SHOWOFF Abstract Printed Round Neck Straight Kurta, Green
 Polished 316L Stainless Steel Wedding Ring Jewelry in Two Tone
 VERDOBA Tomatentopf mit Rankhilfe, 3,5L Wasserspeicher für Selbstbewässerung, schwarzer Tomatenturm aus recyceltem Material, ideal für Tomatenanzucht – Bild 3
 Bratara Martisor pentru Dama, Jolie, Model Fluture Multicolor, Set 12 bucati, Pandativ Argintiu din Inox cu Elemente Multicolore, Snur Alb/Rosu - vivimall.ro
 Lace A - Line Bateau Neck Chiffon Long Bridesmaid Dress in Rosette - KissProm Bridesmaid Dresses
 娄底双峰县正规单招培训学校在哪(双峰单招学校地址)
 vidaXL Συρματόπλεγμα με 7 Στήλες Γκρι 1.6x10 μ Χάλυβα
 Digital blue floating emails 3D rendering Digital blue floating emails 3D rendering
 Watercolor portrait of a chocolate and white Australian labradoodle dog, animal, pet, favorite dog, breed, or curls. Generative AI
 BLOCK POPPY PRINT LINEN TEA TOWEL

---------------

ASSIGNED TASK:
Lines containing the word "Neck": copy each of them from the material.

SOLUTION FOR THIS EXERCISE:
SHOWOFF Abstract Printed Round Neck Straight Kurta, Green
 Lace A - Line Bateau Neck Chiffon Long Bridesmaid Dress in Rosette - KissProm Bridesmaid Dresses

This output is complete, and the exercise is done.